Geraldine Strawbridge

Geraldine Strawbridge is a graduate from the University of Glasgow. As the Editor of Cyber Radio, Geraldine is focused on delivering the latest cyber security news whilst making cyber security more relatable to people in their everyday lives.

Gone are the days of using our phones for a simple phone call! Mobiles are now rapidly replacing computers as the go to method for going online. We use our phones for online shopping, banking, socialising, working, storing images and they hold a wealth of personal information about us.

According to the latest research from Statista, the number of mobile phone users in the world will reach 4.9 billion in 2018. This is driven by the increasing popularity of smartphone usage which is expected to reach 2.5 billion next year. This means that over half of all mobile users will be smartphone users for the first time, reflecting our growing reliance on smart phones for everything internet related.

They are pretty much, mini-computers and face the same threats that we encounter when using PC’s or laptops and should be protected in the same way.

Cyber-criminals have been quick to capitalise on exploiting these devices with limited security, and as such we have seen a massive explosion in the use of mobile malware.

Malware is a type malicious software designed specifically to target smartphones and tablets. It can be weaponised with traditional computer malware if the target has a mobile interface.

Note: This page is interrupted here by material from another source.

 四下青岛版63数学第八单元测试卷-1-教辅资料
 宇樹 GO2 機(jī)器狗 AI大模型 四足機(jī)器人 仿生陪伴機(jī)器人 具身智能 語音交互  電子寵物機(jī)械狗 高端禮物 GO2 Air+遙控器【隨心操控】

There are lots of different types of mobile malware available, some more harmful than others, the most common types are:

  • Spyware – Spyware is often loaded as a program on your device and secretly monitors your activity, location and login details before relaying this confidential information back to a third party
  • Trojans – Trojans infect devices by attaching themselves to seemingly harmless or legitimate programs that are installed within the app then carry out malicious actions.
  • Ransomware – Ransomware is a type of malware that will encrypt a user’s data and then hold it for “ransom” until payment is made to the attacker.
  • Viruses – Viruses are closely related to Trojans and can be installed on a device in a number of ways. They are often highly destructive and often irreparable.
  • Keyloggers – Keyloggers sit on a user’s device and log all keystrokes in an attempt to find valuable information.
  • Bank Trojans – This type of malware combines a trojan and keylogger attack and is a favoured method of the hackers. It often intercepts a user’s legitimate banking app or trick users into downloading fraudulent banking apps.

How to protect yourself from mobile malware

  1. Use secure Wi-Fi

Public Wi-Fi requires no authentication to establish a network connection, allowing hackers direct access to unsecured devices on the same unencrypted open network. Always use password-protected Wi-Fi connections to stop unwanted third parties from snooping on your activity or carrying out attacks on your device.


  1. Regularly check your apps

If you see any suspicious apps running on your phone, you should delete these immediately. Signs that your phone might be infected with malware include a decreased battery life or an increase in data use. It’s also important to keep your apps and device up to date as cyber-criminals will use any vulnerabilities within the device to hack into your phone.


  1. Install Anti-Virus Software

One of the most important ways to protect yourself against malware and cyberattacks is through the installation of up to date anti-virus software. Anti-virus software is the first line of defence in detecting threats on your mobile and blocking unauthorised users from gaining access.


  1. Check and update your phone settings

Phone settings can be changed to prevent installation of content that isn’t from trusted sources. Your phone should notify you before downloading any app to ensure you are restricted from unwanted activity. Make sure you auto-lock your phone and have a strong password in case it is lost or stolen. This can help keep your personal data private. Another good practice is disabling the “Wi-Fi auto connect” feature so your phone will only connect to previously known Wi-Fi networks.


  1. Don’t click on suspicious links or open attachments

The device may have changed, but the threat remains the exact same. Phishing scams trick people into opening emails or clicking on a link which may appear to come from a legitimate business or reputable source. The link may direct you to a fake website where you are prompted to enter your personal details or take you to a website that directly infects your computer with ransomware. If in doubt, don’t click the link.


  1. Only Install apps from trusted sources

Only download apps from trustworthy sources. The free ones are often a sure-fire delivery method of malware. Take the time to research both the app and its publishers and read reviews from other users to make sure the app is legitimate and worth downloading. It is also important to be cautious of any links received in an email or text message as they may trick you into downloading an app from a third party or unknown source.